Posted on 16 November 2011 by Joe

Last year London band Django Django topped our list of acts  to watch out for  in 2011. As autumn came they didn’t disappoint as they  began unveiling tracks from their forthcoming highly promising debut album.

Another to justify their place on the 2011 list was The Miserable Rich, who unveiled their superb third album Miss You In the Days in October.

This year we look at our top ten bands to watch out for in 2012. Some have already being wowing festival crowds and attracting attention in the blogosphere. As 2012 progresses we predict these bunch will climb up the festival bills and garner even more praise.  Sit  back and enjoy Neonfiller.com’s top ten acts to look out for in 2012.

10. Alice Gun

Just before the 2011 Mercury nominations were revealed a few names cropped up among bloggers, including ourselves, for possible inclusion. One of those names was little known singer -songwriter Alice Gun, whose debut album Blood and Bone impressed us greatly when it was released early in 2011. It’s sparse, it’s eerie and a beautiful debut that was sadly overlooked by the Mercury  panel.

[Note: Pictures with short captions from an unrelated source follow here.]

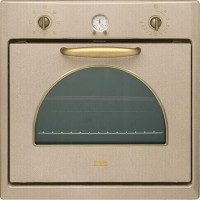Электрический духовой шкаф Franke CM 85 M OA 116.0183.281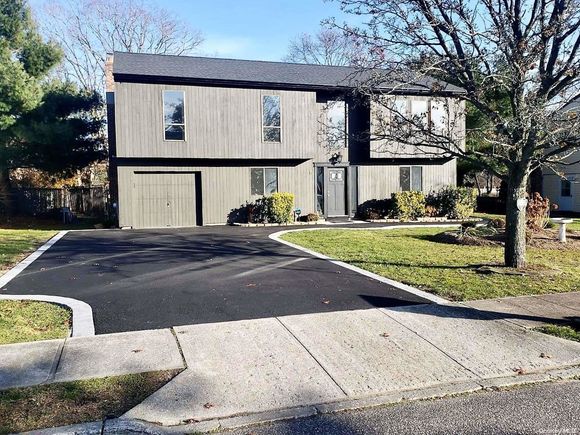 16 Nagle Lane Central Islip, NY House Sold - Photo 1 of 1. Opens carousel modal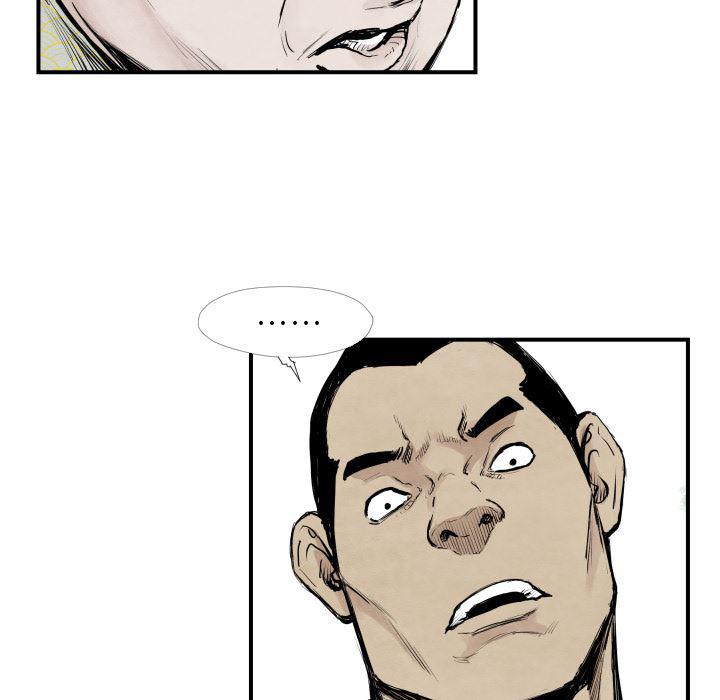 日本邪恶漫画无翼鸟韩漫全集-39无删减无遮挡章节图片 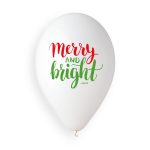 100% FSC-Certified NRL ho HO HO Merry and Bright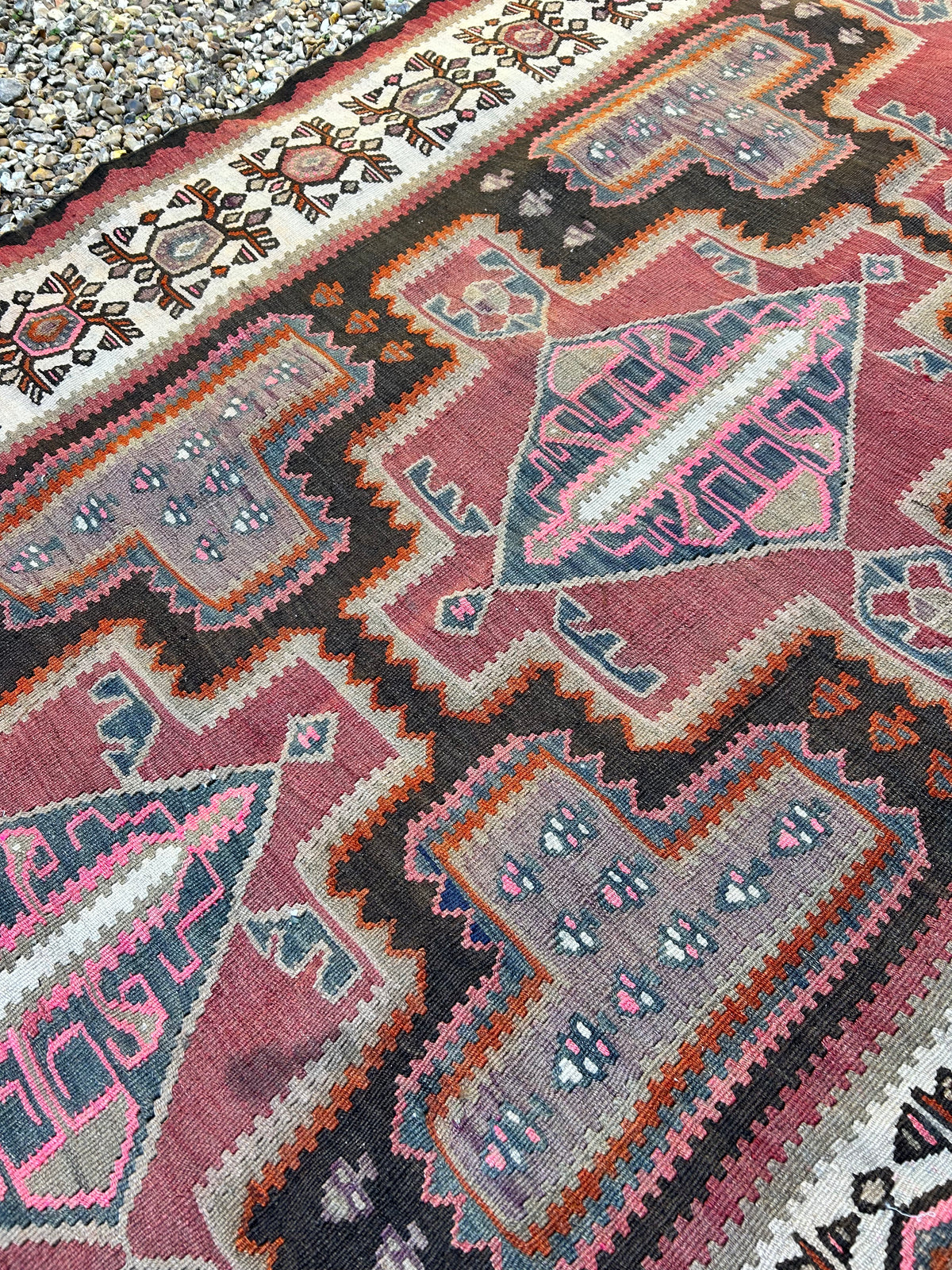 RUG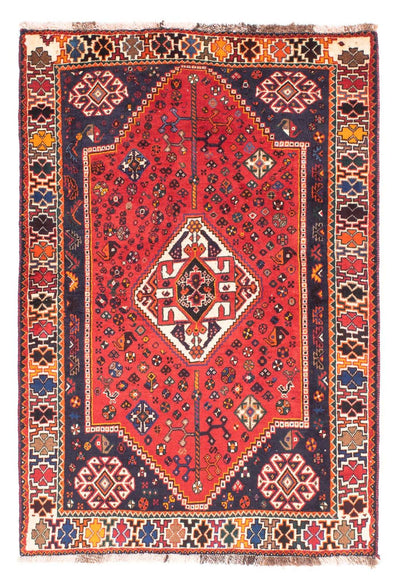Tapis de Chiraz Tapis 118x171cm - Tapis persan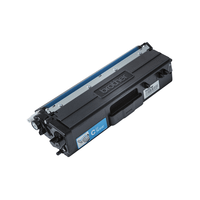 tn910c ultra hy toner for bc4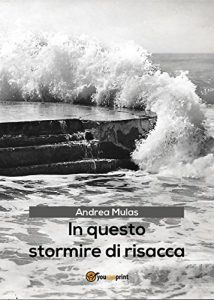Baixar In questo stormire di risacca pdf, epub, eBook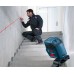 Лінійний лазер BOSCH GLL 2-10 Professional (0601063L00)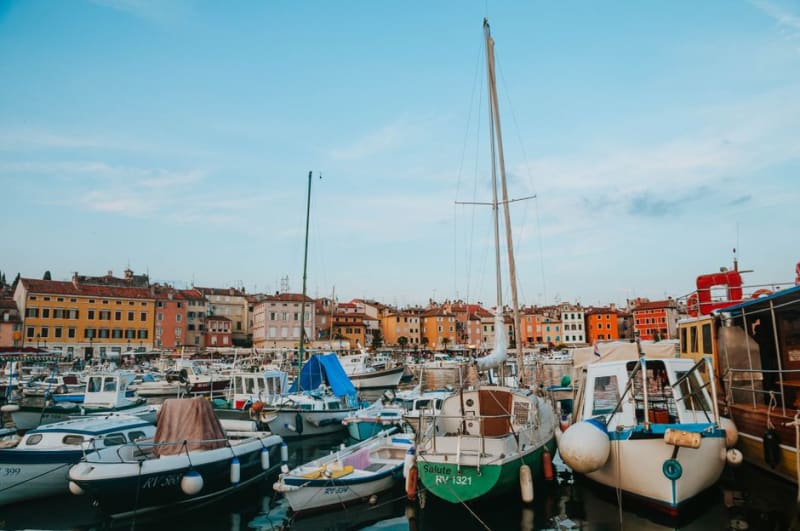 Umag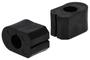 ACDelco Stabilizer/Sway Bar Bushing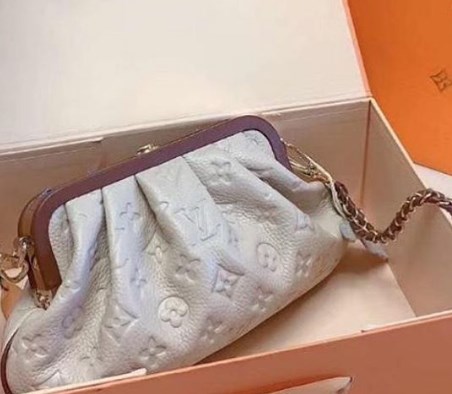 Модні сумки літо 2020 Модні сумки літо 2020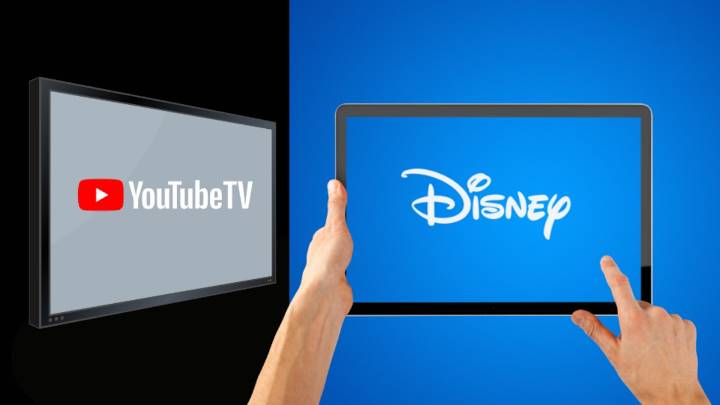 How to claim your YouTubeTV credit amid Disney blackout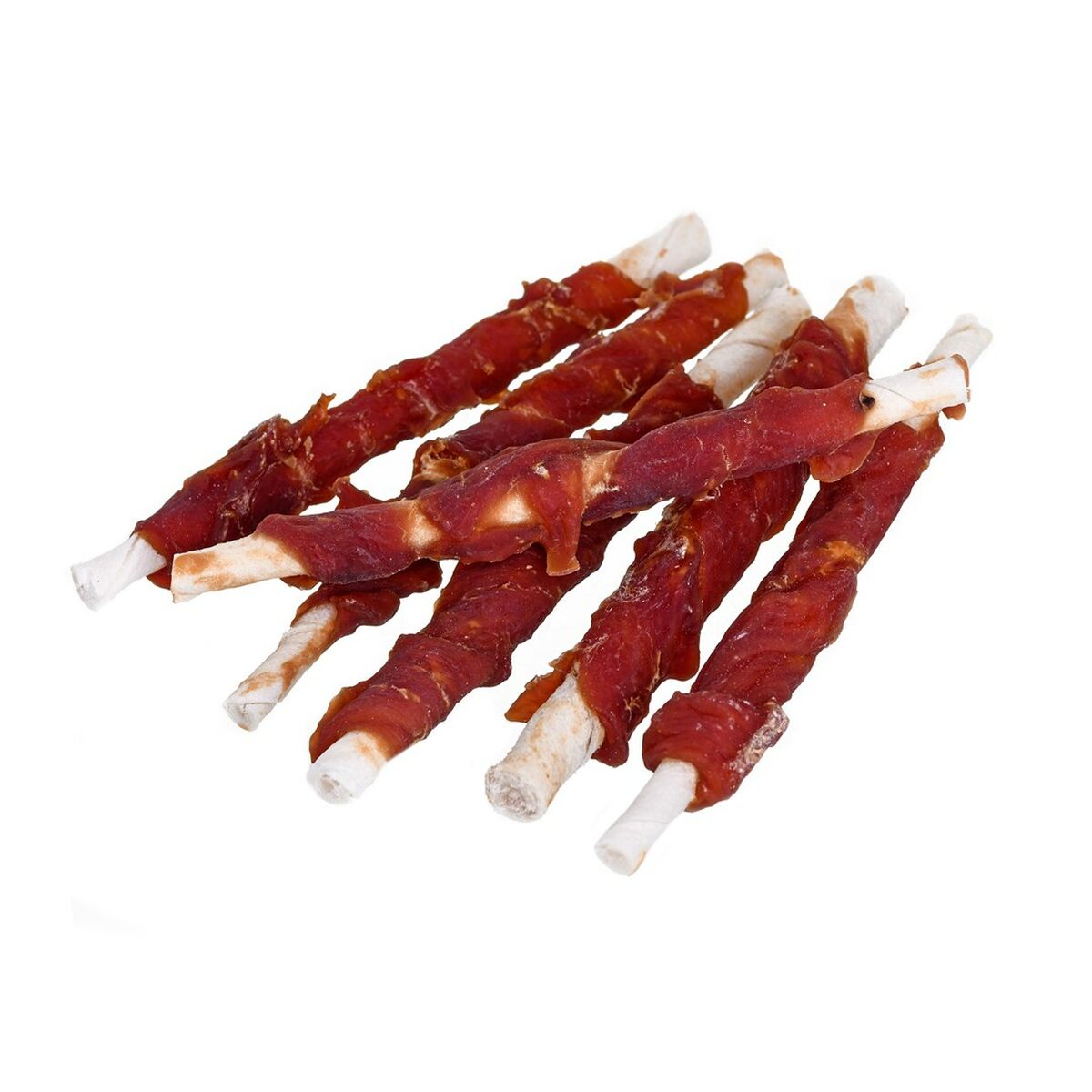 Fodder Petitto                                 Duck 500 g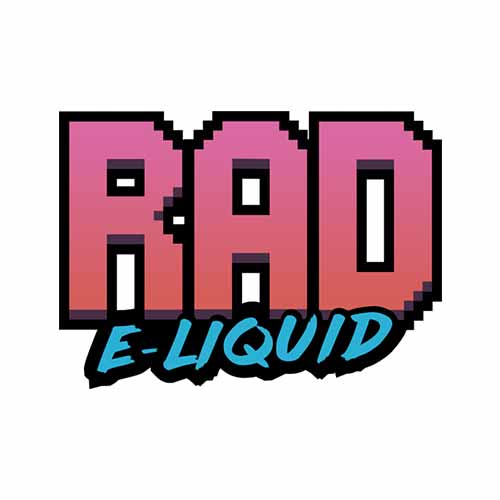 rad-e-liquid-jeancloud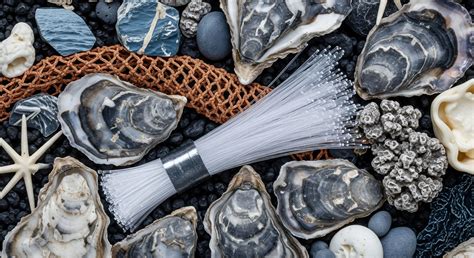 Cumulative Impacts → Term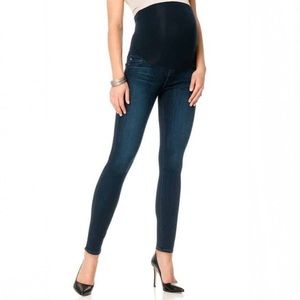 DL1961 Maternity Jeans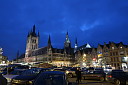 08-img_1827.jpg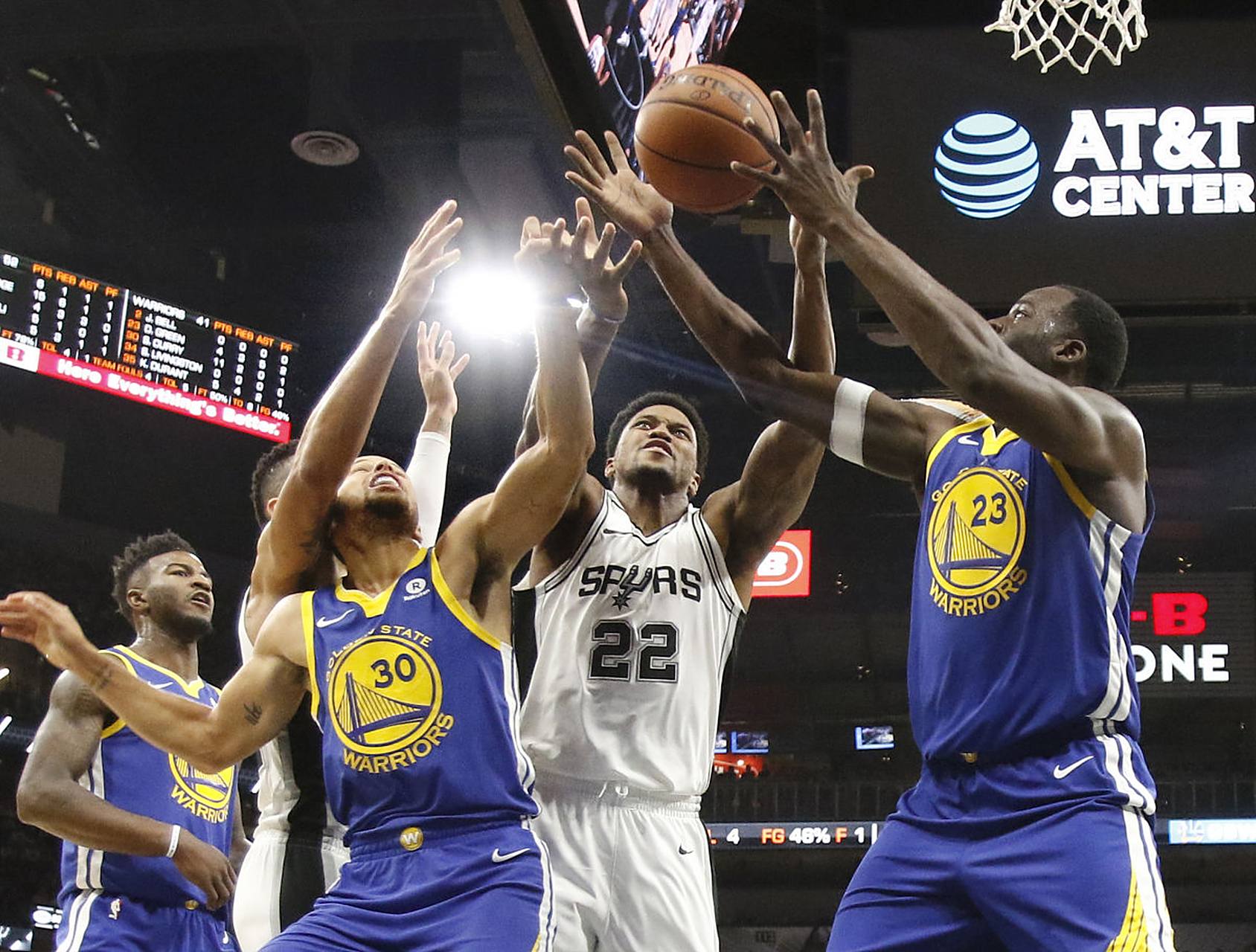 欧洲顶尖篮球联赛季后赛战火重燃 欧洲顶尖篮球联赛季后赛战火重燃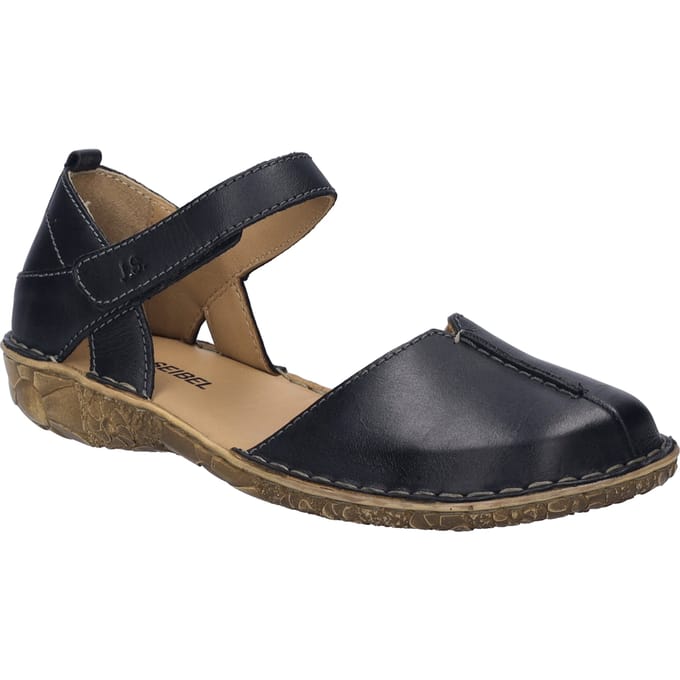 Josef Seibel  Ballerina's ROSALIE 42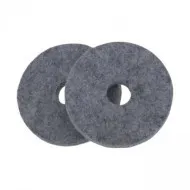 Gibraltar SC-HF2 Hi-Hat Cup Felts 
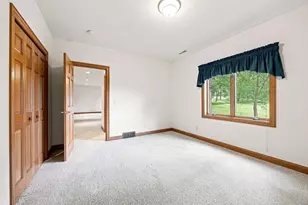 1227 W Sherman Ave, Fort Atkinson, WI 53538 - Photo 43
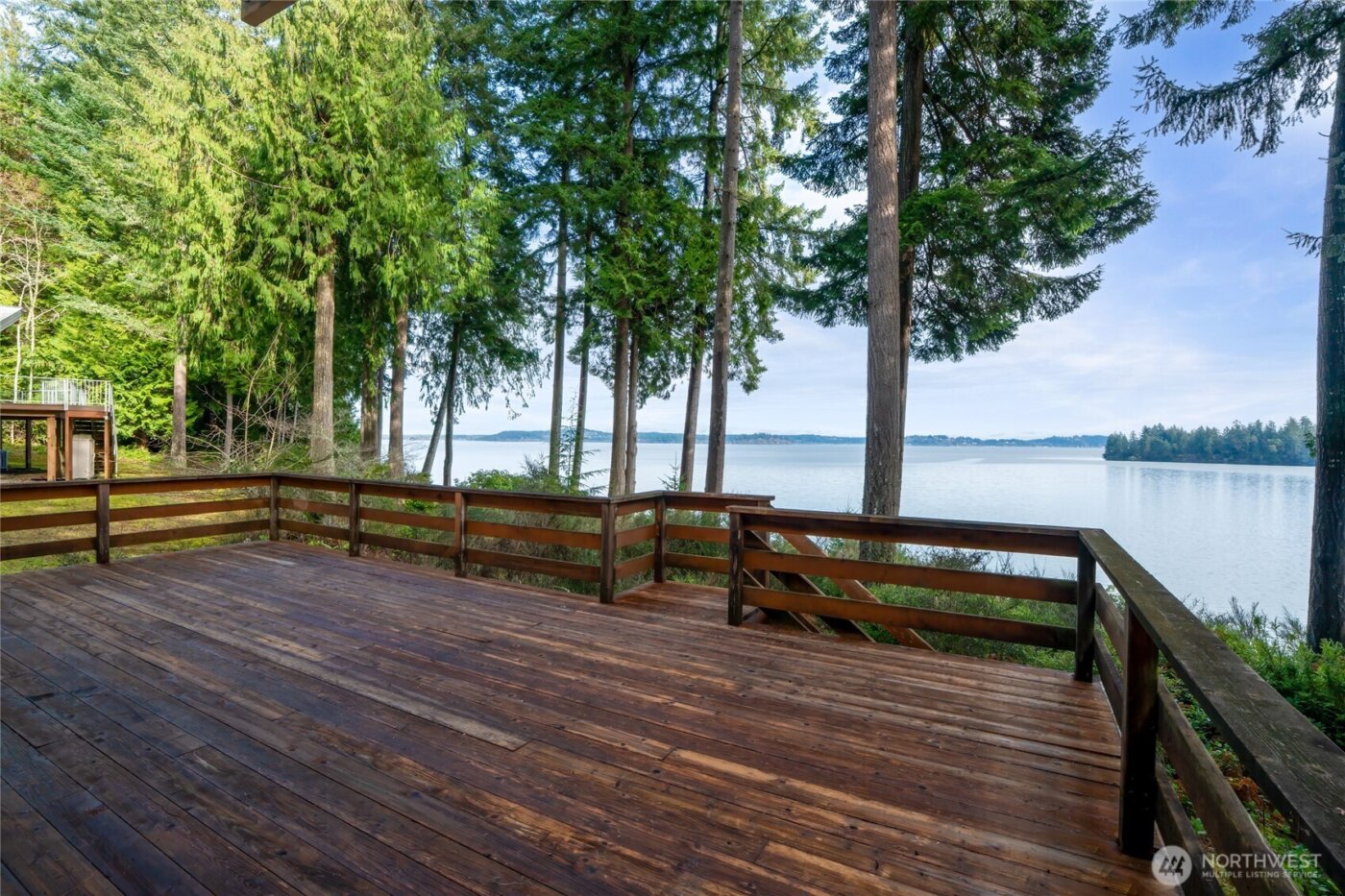 909 Lorenz Road NW, Lakebay, WA 98349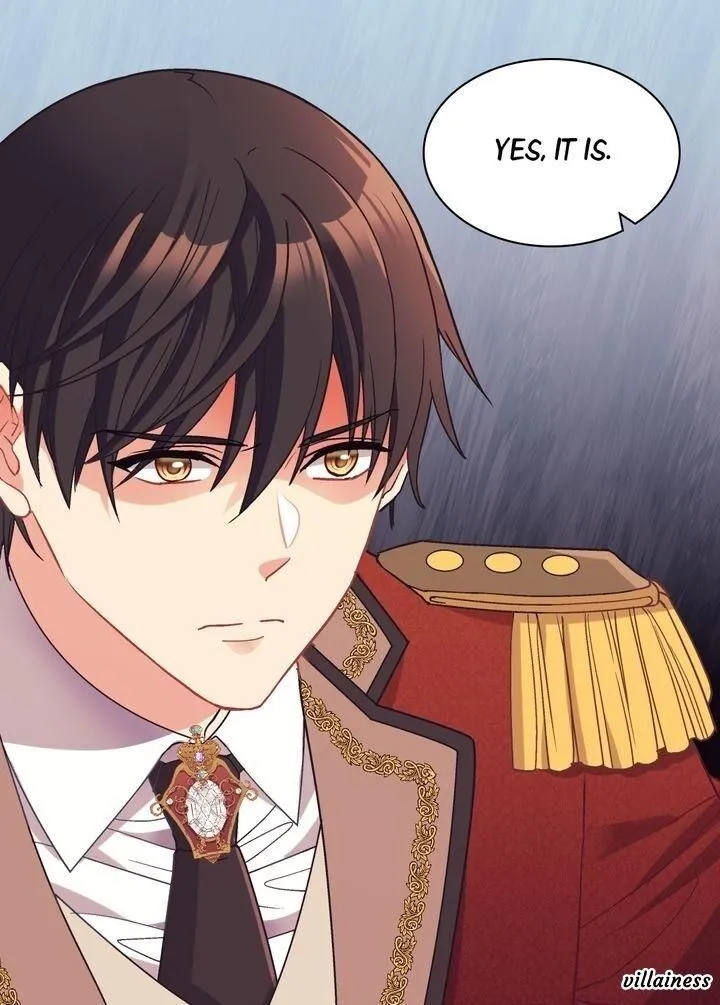 Read The Justice of a Villainous Woman EN Manga Online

Comparisons to PJ Harvey are inevitable, but Gun is her own artist and we are expecting big things of her in 2012 as word  of her talent spreads.

9.Tigercats

Tigercats from London are that rarest of bands, an indie-pop act that you can actually dance to. After a string of singles and EPs they are finally ready to release their debut album in 2012. We’ve had a sneak listen to a couple of tracks already and we predict it will bring them to a far wider audience than the small band of wise indie-kids that have already discovered them.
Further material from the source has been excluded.